- [Task]: All of the data that follows is to be printed exactly, without pictures.

- [Available data]:
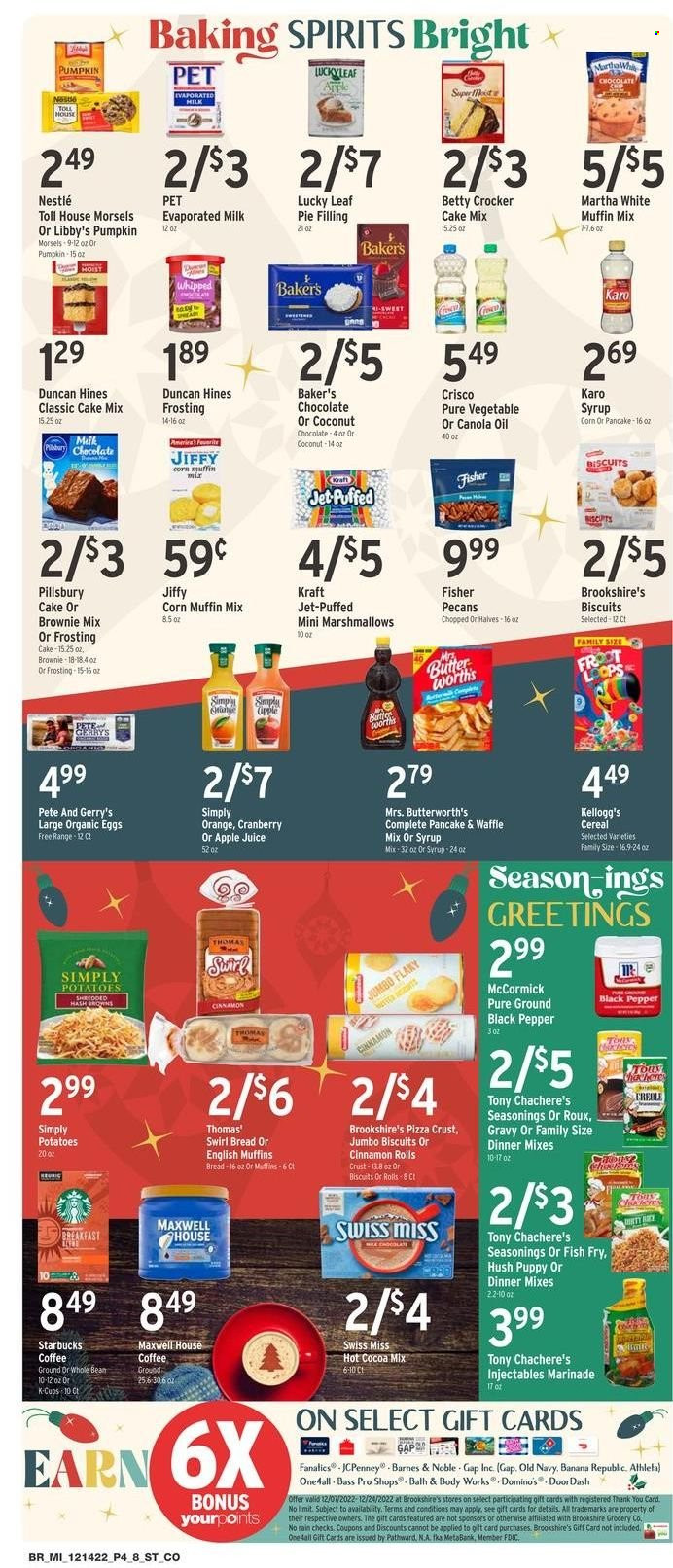 Brookshires ad - 12/14/2022 - 12/20/2022. Page 4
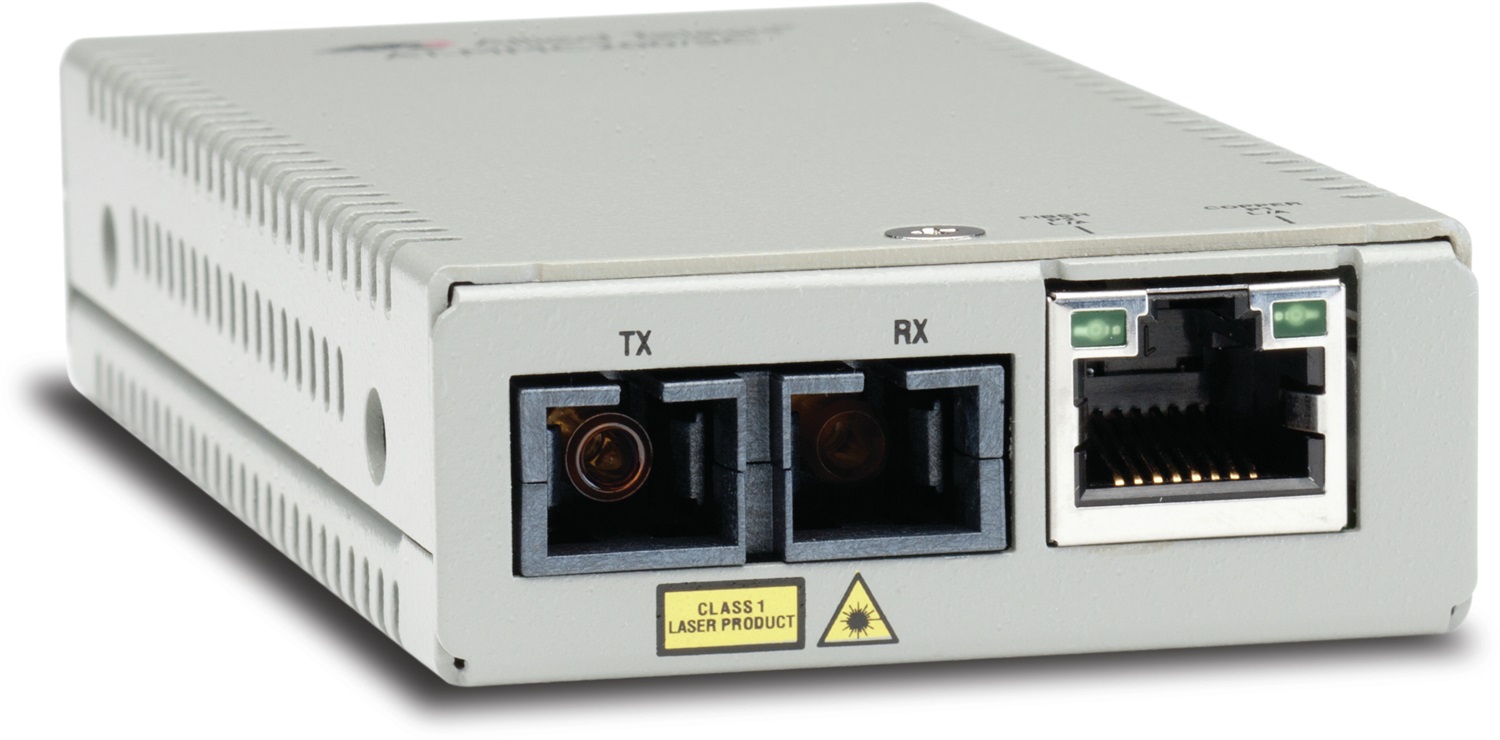 Allied Telesis AT-MMC200/SC-960 Convertitore Multimediale di Rete 100 Mbit/s 1310 nm Modalità Multipla Grigio con Connettore SC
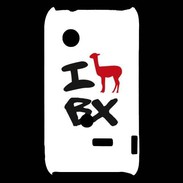 Coque Sony Xperia Typo I love Lama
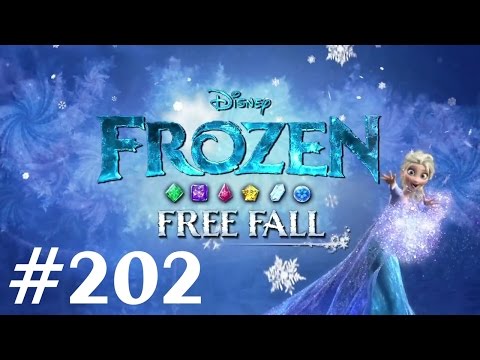 Frozen Free Fall  Level 202 - Disney’s #1 puzzle game - New update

- [Result for this task]:
 Brookshires ad - 12/14/2022 - 12/20/2022. Page 4
 Allied Telesis AT-MMC200/SC-960 Convertitore Multimediale di Rete 100 Mbit/s 1310 nm Modalità Multipla Grigio con Connettore SC
 Coque Sony Xperia Typo I love Lama
 Frozen Free Fall  Level 202 - Disney’s #1 puzzle game - New update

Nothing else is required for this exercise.